- What you should do
Below are entries. Copy exactly the lines running from the line that holds "Used 2018 Jeep" to the line that holds "Snapshot of pamelajackson", with both ends included.

- Stored data
++++++++

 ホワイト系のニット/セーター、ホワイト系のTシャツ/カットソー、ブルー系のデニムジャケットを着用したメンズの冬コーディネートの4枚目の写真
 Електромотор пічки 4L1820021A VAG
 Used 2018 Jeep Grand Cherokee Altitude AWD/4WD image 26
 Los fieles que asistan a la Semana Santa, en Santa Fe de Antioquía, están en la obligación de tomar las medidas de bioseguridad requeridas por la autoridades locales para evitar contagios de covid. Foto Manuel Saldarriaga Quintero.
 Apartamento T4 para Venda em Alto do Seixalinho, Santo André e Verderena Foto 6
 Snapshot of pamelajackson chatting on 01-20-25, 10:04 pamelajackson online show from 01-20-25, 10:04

++++++++

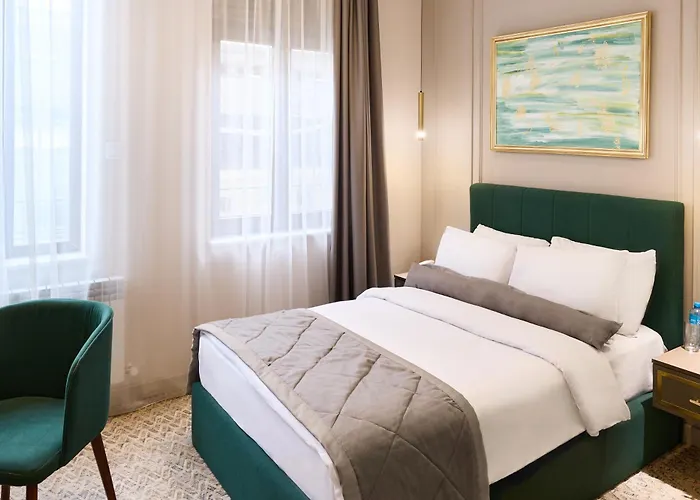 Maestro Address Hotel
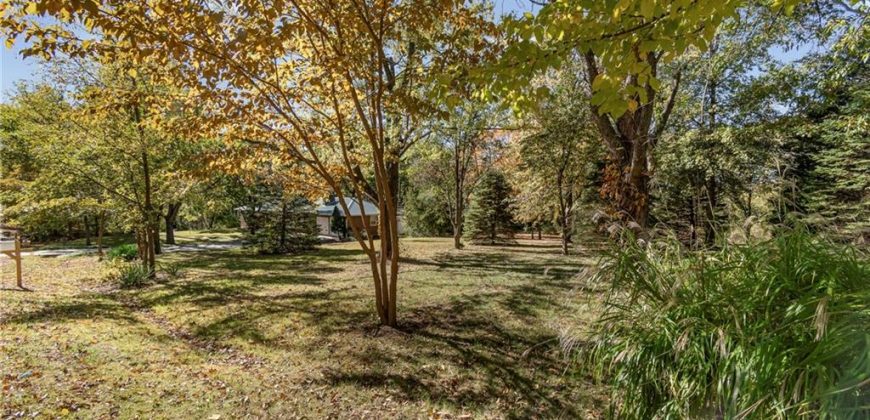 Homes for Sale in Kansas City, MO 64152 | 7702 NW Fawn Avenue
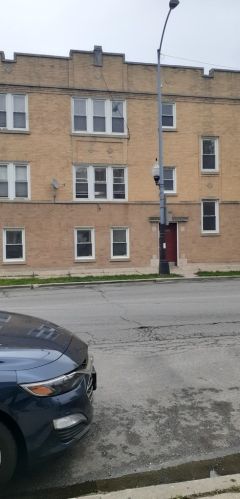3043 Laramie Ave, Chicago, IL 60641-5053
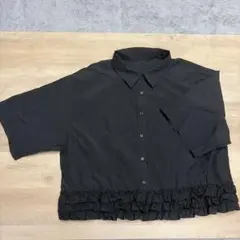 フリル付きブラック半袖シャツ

++++++++

- Answer for this exercise
 Used 2018 Jeep Grand Cherokee Altitude AWD/4WD image 26
 Los fieles que asistan a la Semana Santa, en Santa Fe de Antioquía, están en la obligación de tomar las medidas de bioseguridad requeridas por la autoridades locales para evitar contagios de covid. Foto Manuel Saldarriaga Quintero.
 Apartamento T4 para Venda em Alto do Seixalinho, Santo André e Verderena Foto 6
 Snapshot of pamelajackson chatting on 01-20-25, 10:04 pamelajackson online show from 01-20-25, 10:04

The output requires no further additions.